Typefaces and Fonts: What's the difference?

by fontspace

In our modern age of digital text, many people talk about typefaces and fonts as if the terms were interchangeable. Do you know the difference?

In order to understand the distinction between typefaces and fonts, let's take a look back to how type was printed before computers. Letterpress printing still holds a fascination for artists and is gaining popularity as a means of printing wedding invitations and other stationary, but was once a major commercial industry. In traditional letterpress, type (basically lead or wooden stamps in the shape of letters, numbers, and punctuation) was organized into cases (flat, segmented drawers with a space for each character).

For ease of use, cases of type follow a standard layout. One of the most common is the California Job Case, in which the compartments are arranged to make the most commonly used letters (t, n, e, i, o, and r) easily accessible to the typesetter, the same idea behind the keyboard on your computer.

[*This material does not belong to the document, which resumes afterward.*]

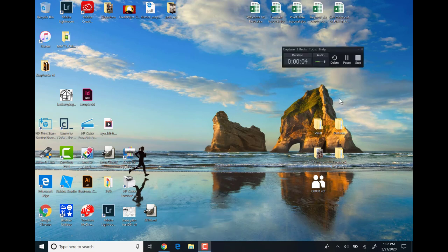This is the Windows 10 desktop. From here we can get to pretty much any location on the computer, but for now let's just focus on what we're seeing.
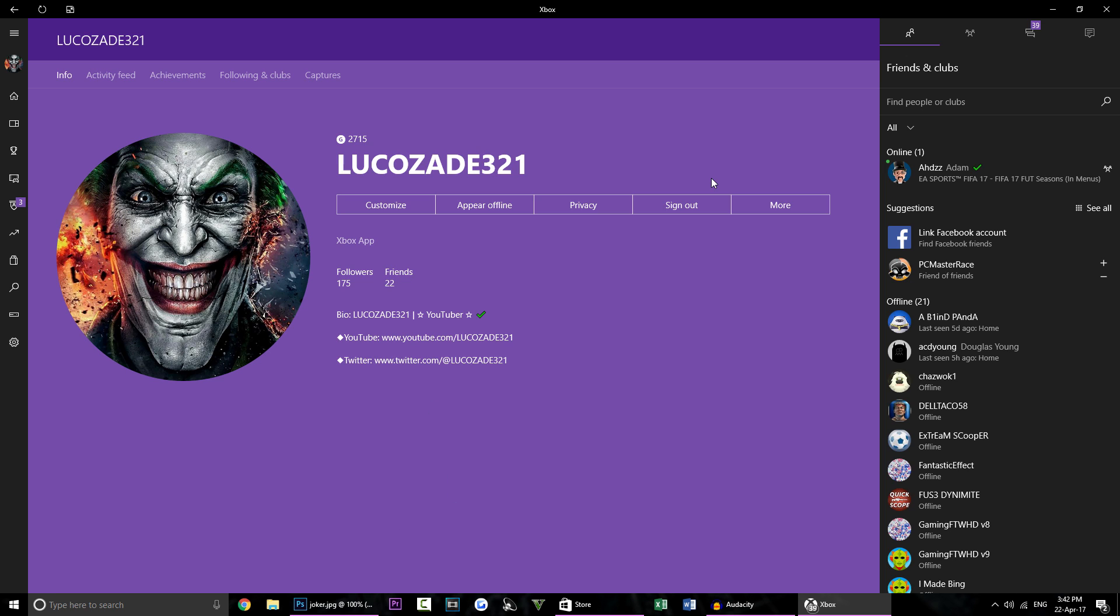So what you will need to do is download the latest Xbox app for Windows and there will be a link down below in the description of this video. Make sure you download it because the version you have right now isn't the newest version. You will need the beta version.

Each case contains only one font, meaning that all the type in a given type case matches in both typeface and point size, allowing the typesetter to quickly pull from the appropriate compartment knowing the letters will go together without having to check each one. This means bold and italics have their own separate cases, too, even though they are often used in combination to create a block of text.

Typeface refers to the style of the letters, and can be found in a variety of sizes. Font refers to both the typeface and the size. So, Garamond 12pt and Garamond 10pt are, by strict definitions, the same typeface but different fonts.